##### Provided records

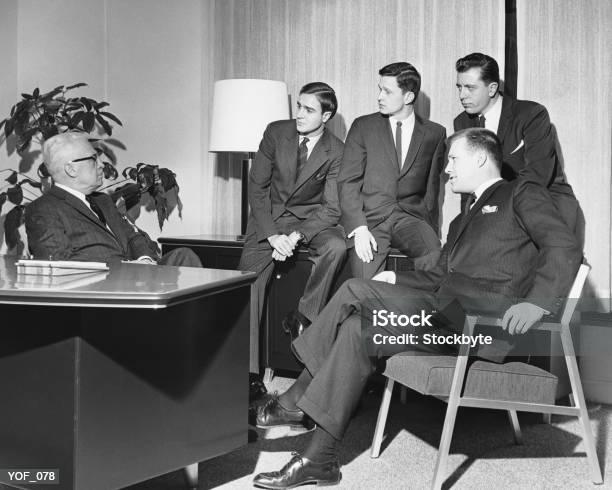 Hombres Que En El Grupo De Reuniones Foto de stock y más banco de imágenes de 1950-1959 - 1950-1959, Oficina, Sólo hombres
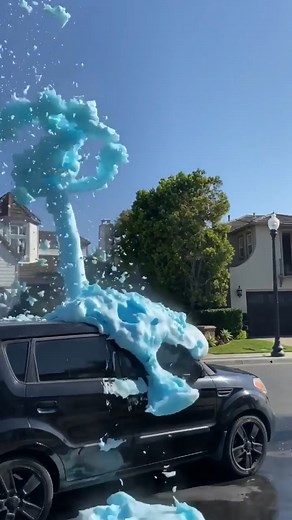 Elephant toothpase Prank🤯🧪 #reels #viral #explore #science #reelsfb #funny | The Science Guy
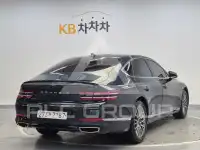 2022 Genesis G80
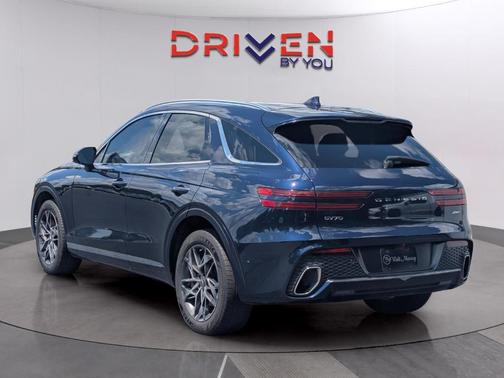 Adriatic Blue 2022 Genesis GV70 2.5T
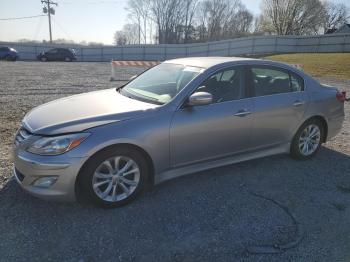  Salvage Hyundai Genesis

##########
##### Provided records

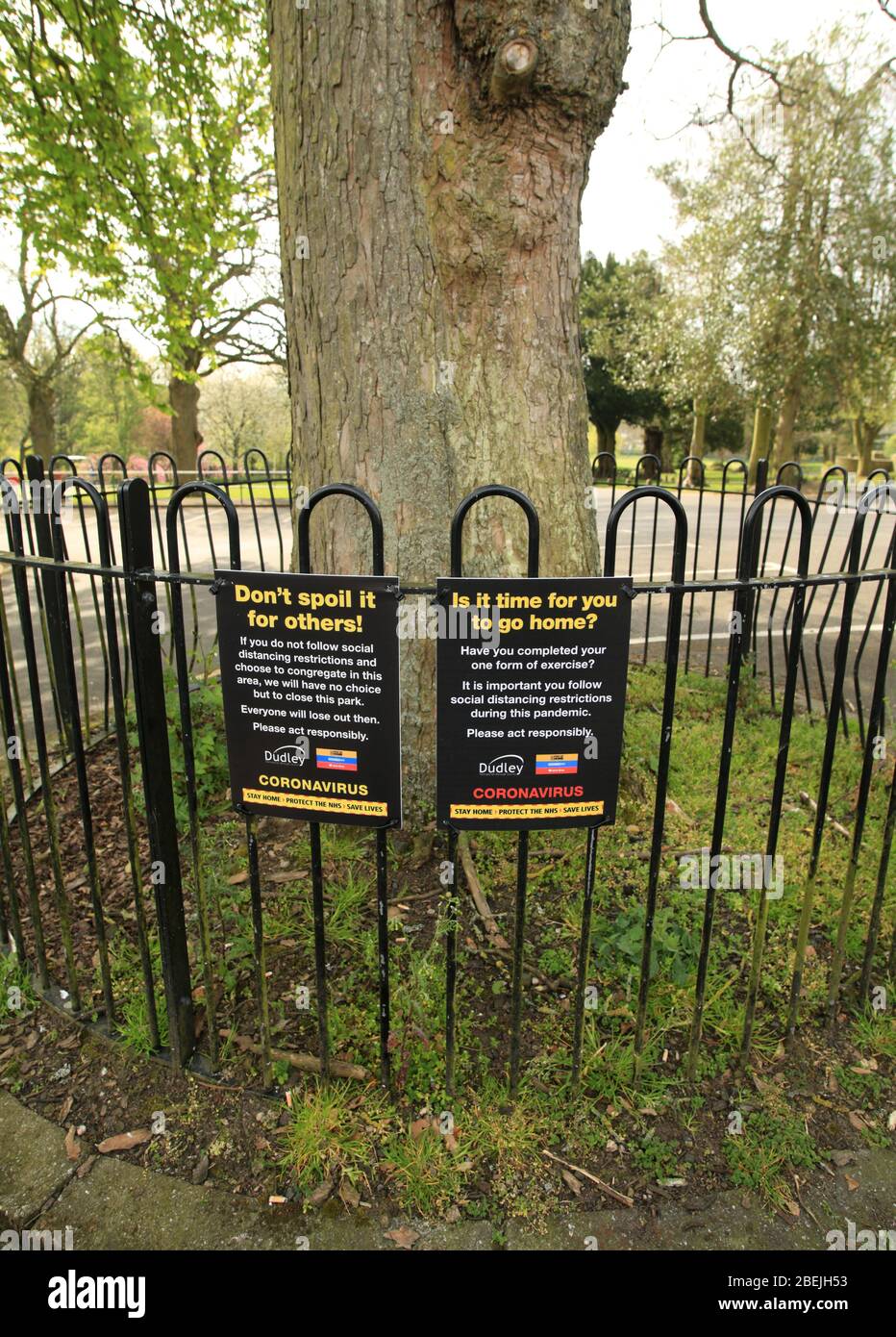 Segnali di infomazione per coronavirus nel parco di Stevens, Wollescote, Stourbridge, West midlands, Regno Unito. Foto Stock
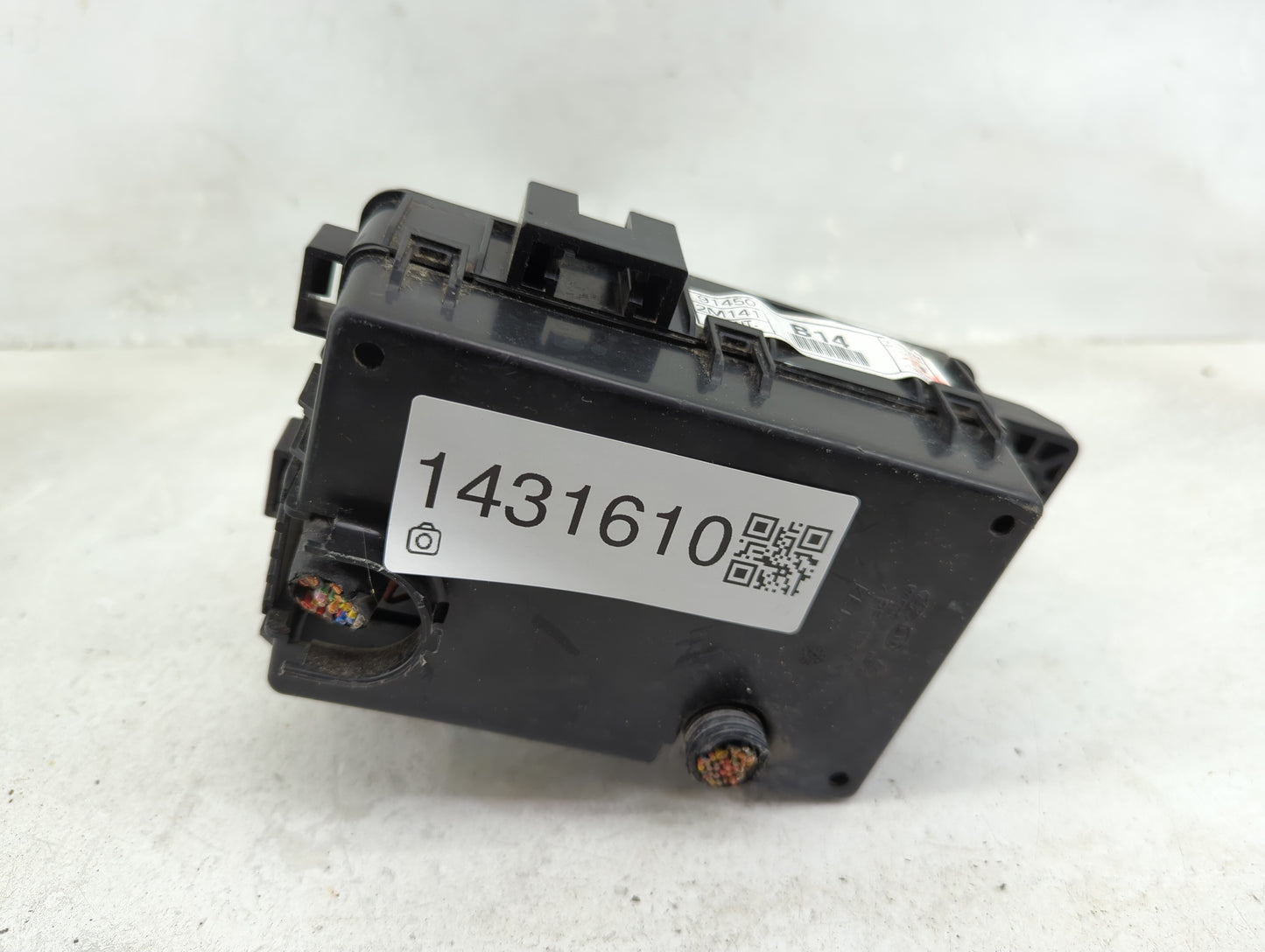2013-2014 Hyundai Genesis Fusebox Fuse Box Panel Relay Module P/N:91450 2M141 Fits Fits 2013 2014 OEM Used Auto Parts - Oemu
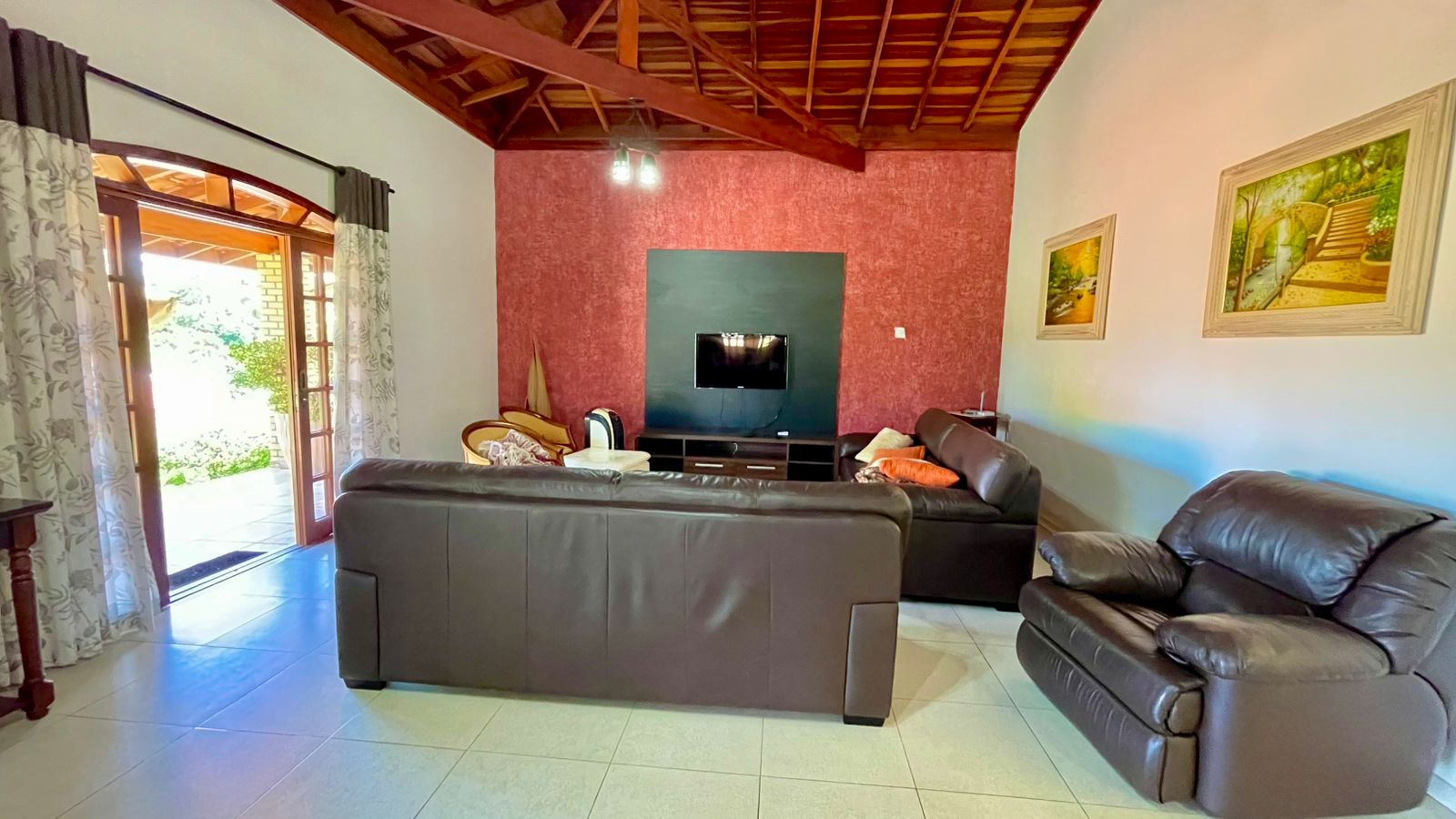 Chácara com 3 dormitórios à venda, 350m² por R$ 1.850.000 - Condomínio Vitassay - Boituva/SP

##########
##### Provided records

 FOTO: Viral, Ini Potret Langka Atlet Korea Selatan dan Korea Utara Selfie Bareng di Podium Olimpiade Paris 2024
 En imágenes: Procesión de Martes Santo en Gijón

##########

*Your assignment*. Keep to the stretch from the line containing "Adriatic Blue 2022 Genesis GV70 2.5T" through the line containing "Salvage Hyundai Genesis", both ends included, and copy it exactly from the listing above, minus the pictures.

*Response to this exercise*.
 Adriatic Blue 2022 Genesis GV70 2.5T
  Salvage Hyundai Genesis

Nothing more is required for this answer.